- **TASK DIRECTIONS**:
In the data below, reproduce everything exactly except the images.

- **MATERIAL FOR THIS TASK**:
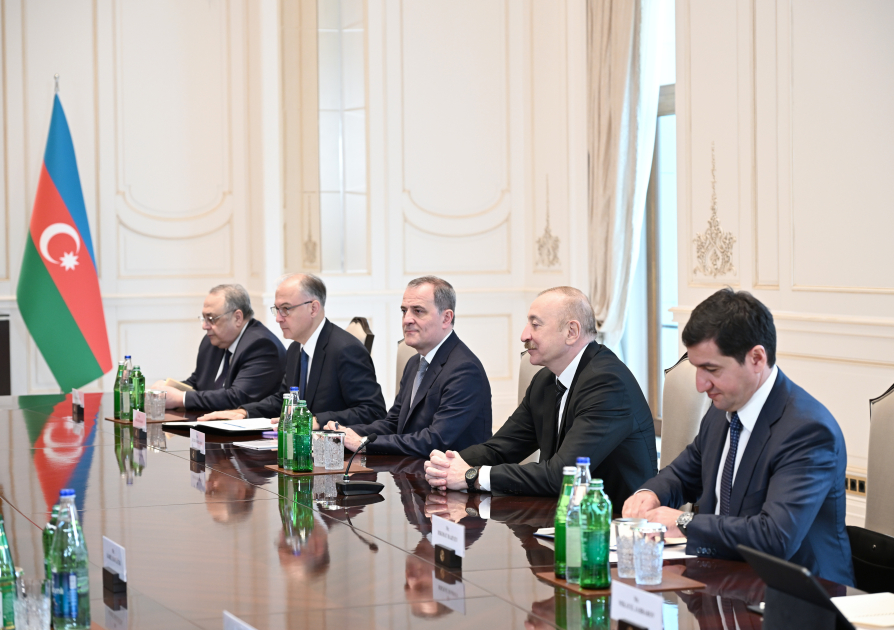 President Ilham Aliyev holds expanded meeting with Czech Prime Minister in Azerbaijan's Gabala (PHOTO)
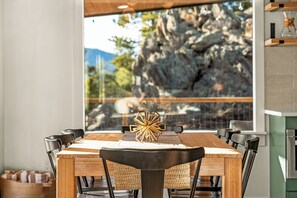 Dining - Cozy 2 BR Wellness Cabin in Bailey, Yoga, Sauna, Mountain Views (Bailey)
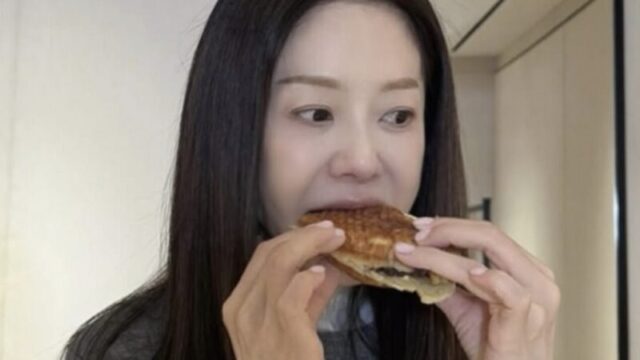 コ・ヒョンジョンが公開した意外な姿…あんパンを豪快に頬張る日常風景に反響
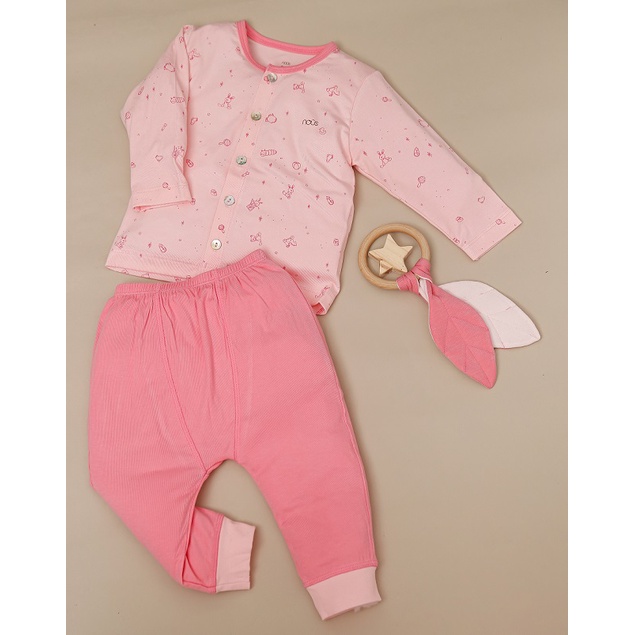 Bộ quần áo cho bé cài dài thẳng màu hồng nhạt Nous chất liệu Petit kháng khuẩn mềm mại ( size 0-12 tháng)
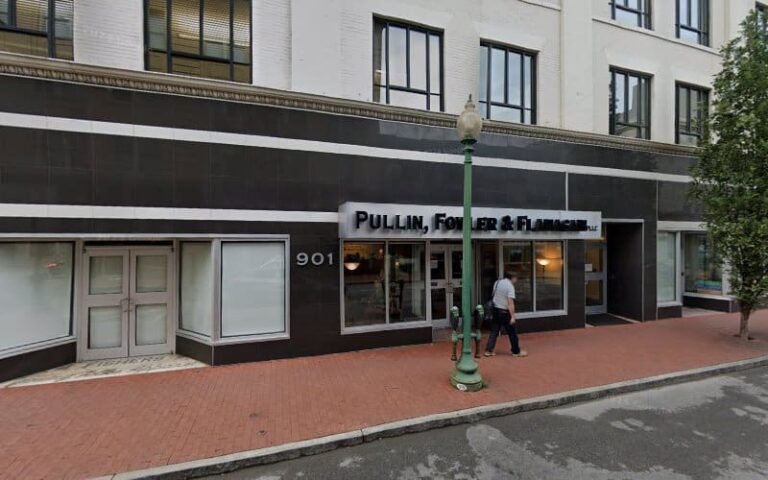 374543 ross christopher 768x480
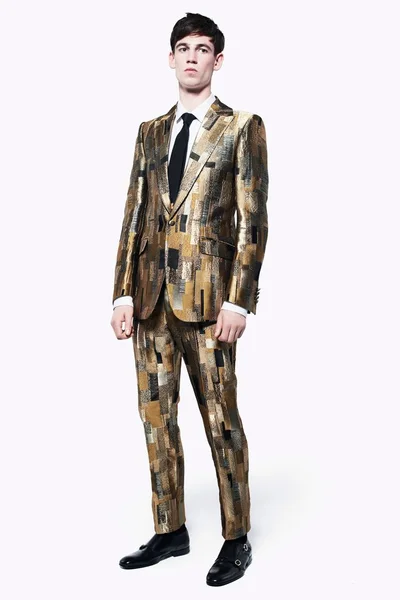 Look 25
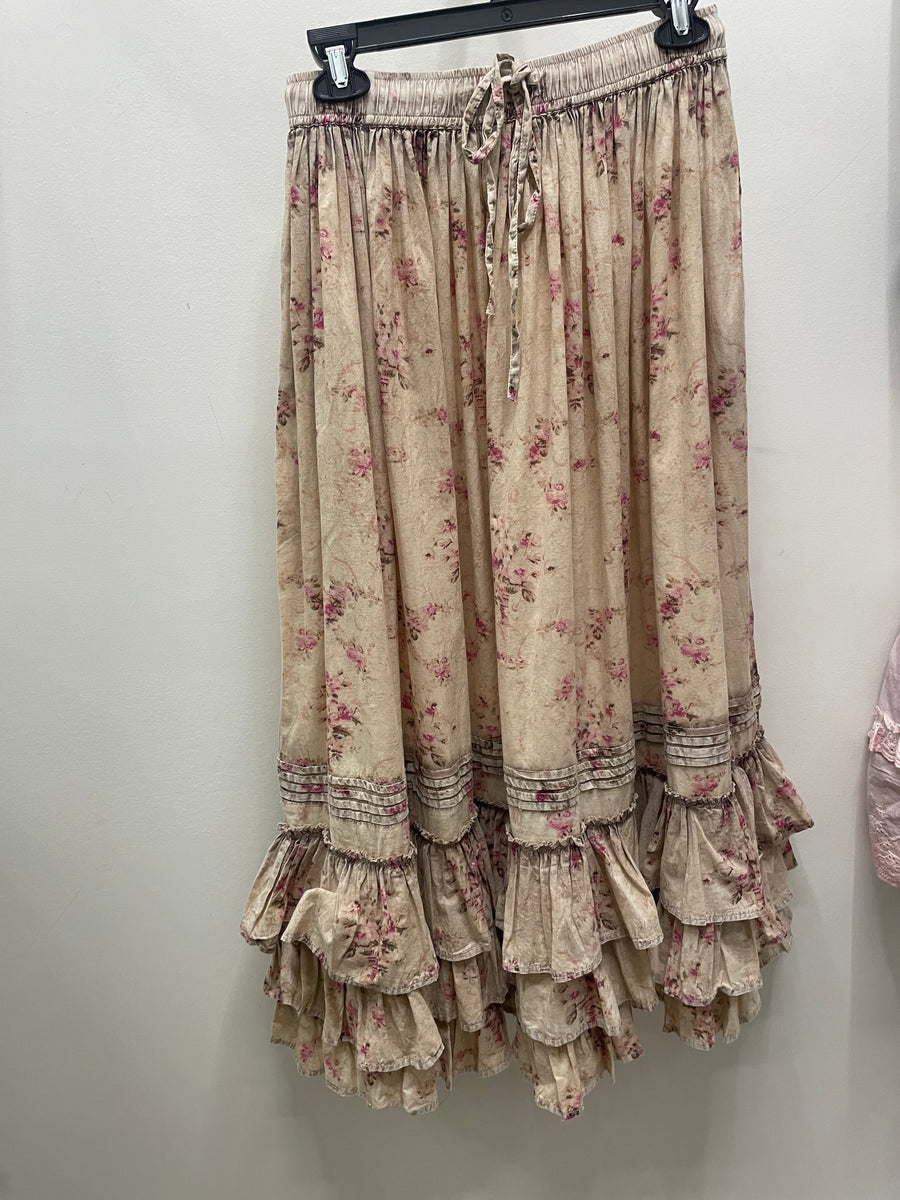 Additional view of Sweet Vintage Floral Skirt by The Paper Lace from Robin Boutique.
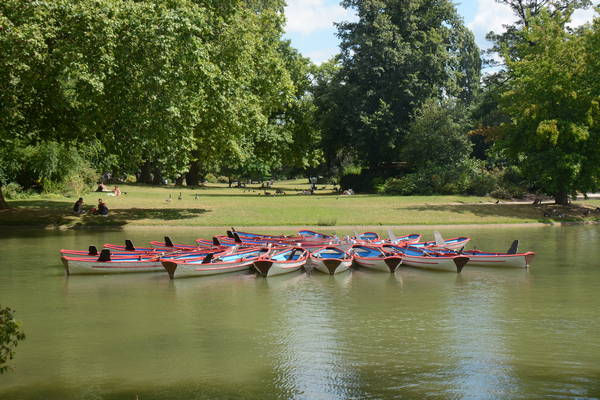 les barques sur le lac Daumesnil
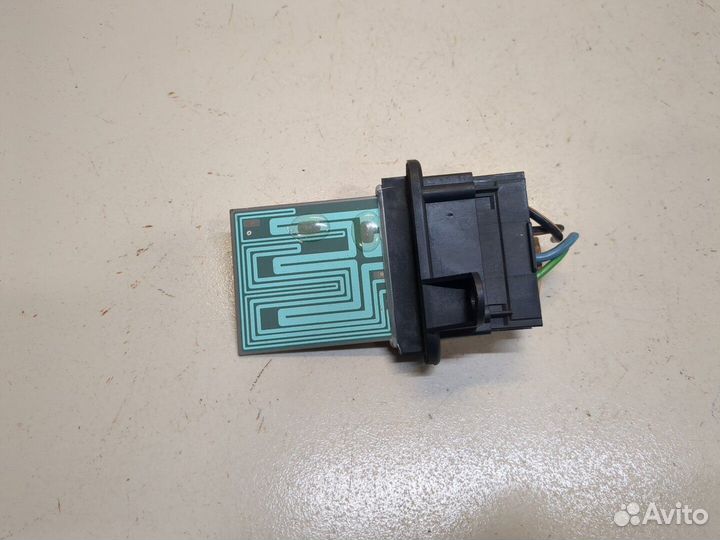 Сопротивление отопителя Jeep Liberty, 2004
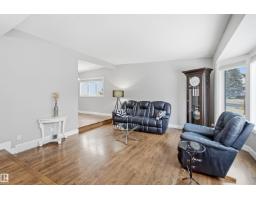 8212 17 AV NW, Edmonton — photo 3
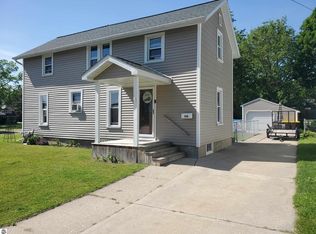 518 W End St, Alma, MI 48801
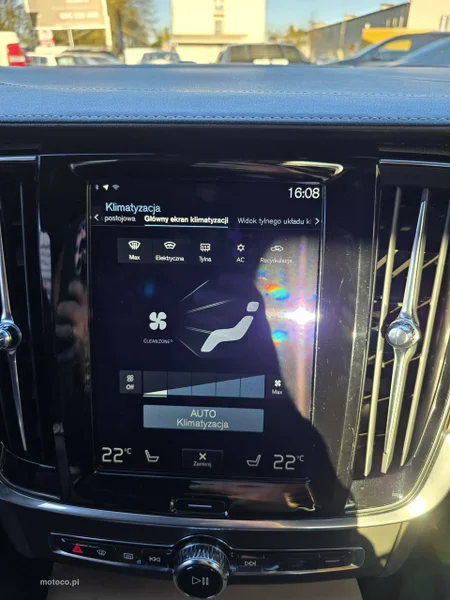 Volvo S90 16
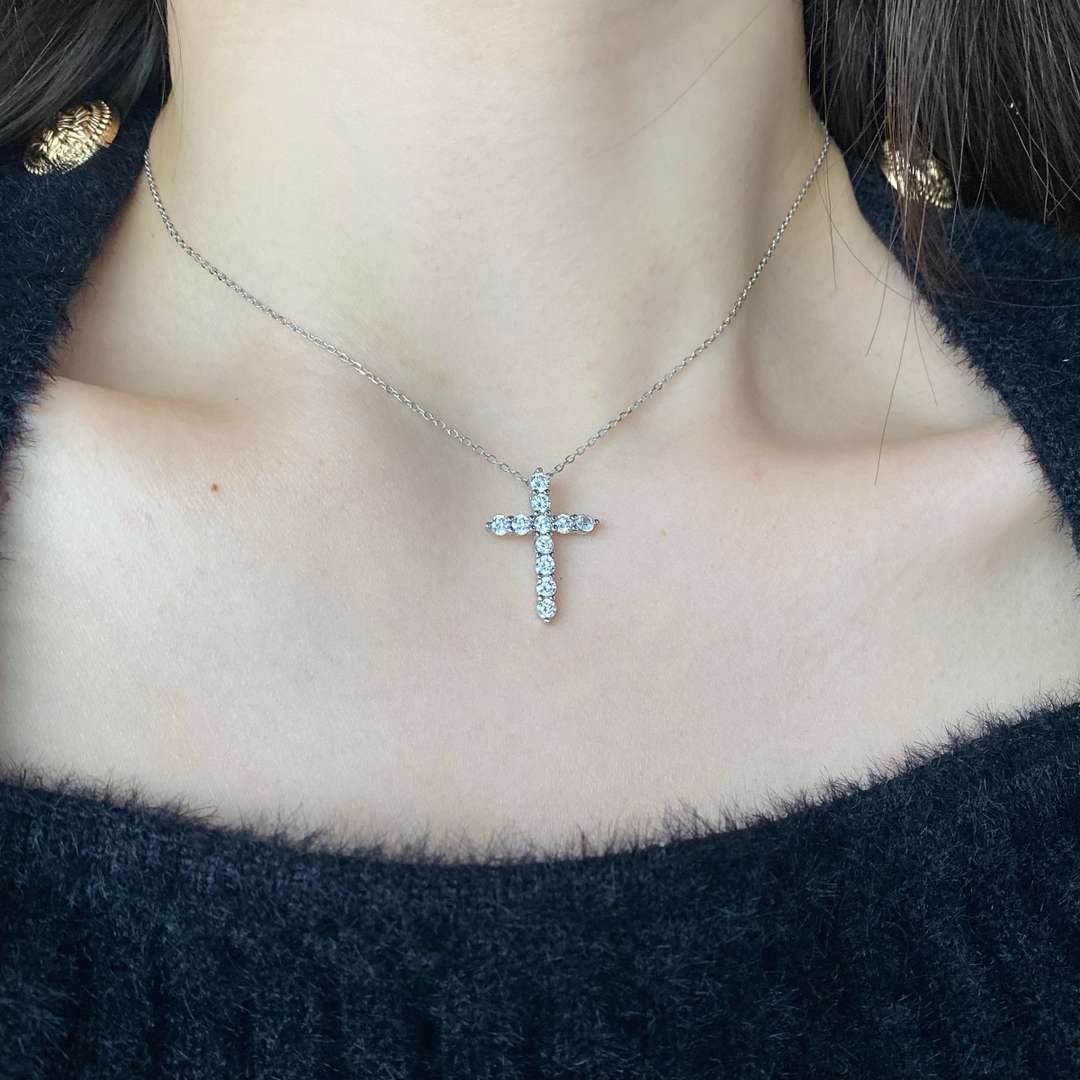 [Amore]Unique Cross Shape Necklace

- **COMPLETED EXERCISE**:
 President Ilham Aliyev holds expanded meeting with Czech Prime Minister in Azerbaijan's Gabala (PHOTO)
 Dining - Cozy 2 BR Wellness Cabin in Bailey, Yoga, Sauna, Mountain Views (Bailey)
 コ・ヒョンジョンが公開した意外な姿…あんパンを豪快に頬張る日常風景に反響
 Bộ quần áo cho bé cài dài thẳng màu hồng nhạt Nous chất liệu Petit kháng khuẩn mềm mại ( size 0-12 tháng)
 374543 ross christopher 768x480
 Look 25
 Additional view of Sweet Vintage Floral Skirt by The Paper Lace from Robin Boutique.
 les barques sur le lac Daumesnil
 Сопротивление отопителя Jeep Liberty, 2004
 8212 17 AV NW, Edmonton — photo 3
 518 W End St, Alma, MI 48801
 Volvo S90 16
 [Amore]Unique Cross Shape Necklace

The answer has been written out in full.